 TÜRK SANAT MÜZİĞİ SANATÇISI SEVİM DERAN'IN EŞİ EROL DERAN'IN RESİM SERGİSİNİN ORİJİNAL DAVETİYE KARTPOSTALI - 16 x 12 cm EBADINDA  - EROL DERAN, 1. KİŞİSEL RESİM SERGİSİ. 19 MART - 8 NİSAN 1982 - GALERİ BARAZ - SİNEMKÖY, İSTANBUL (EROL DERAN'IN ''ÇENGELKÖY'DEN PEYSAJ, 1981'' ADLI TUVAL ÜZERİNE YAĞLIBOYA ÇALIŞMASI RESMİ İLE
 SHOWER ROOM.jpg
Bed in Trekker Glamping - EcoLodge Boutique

=======

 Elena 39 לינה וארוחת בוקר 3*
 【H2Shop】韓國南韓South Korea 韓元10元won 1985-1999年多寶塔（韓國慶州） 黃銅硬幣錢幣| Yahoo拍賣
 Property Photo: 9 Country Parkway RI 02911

=======

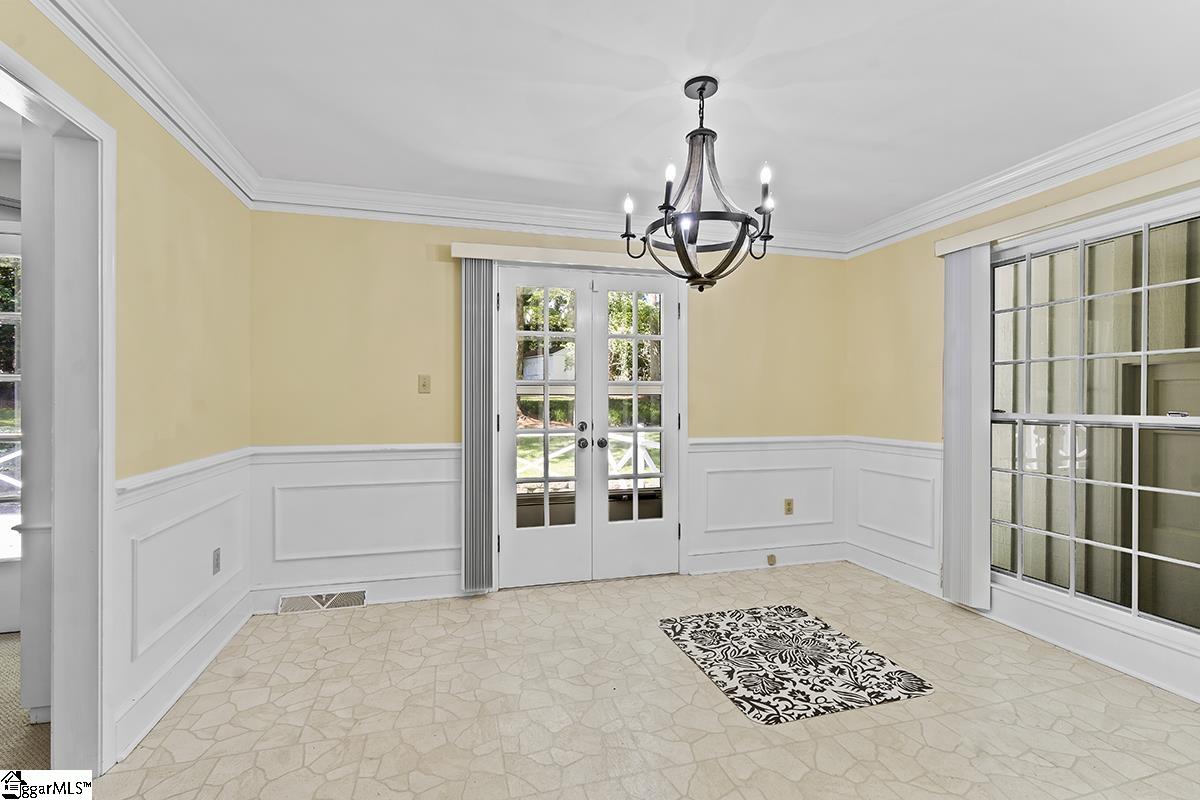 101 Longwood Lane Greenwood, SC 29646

=======

- TASK STATEMENT:
Starting at the line above that contains "1985-1999年多寶塔（韓國慶州） 黃銅硬幣錢幣| Yahoo拍賣", repeat each line exactly up to and including the line that contains "Property Photo: 9 Country Parkway RI 02911", and stop there.

- SOLVED EXERCISE:
 【H2Shop】韓國南韓South Korea 韓元10元won 1985-1999年多寶塔（韓國慶州） 黃銅硬幣錢幣| Yahoo拍賣
 Property Photo: 9 Country Parkway RI 02911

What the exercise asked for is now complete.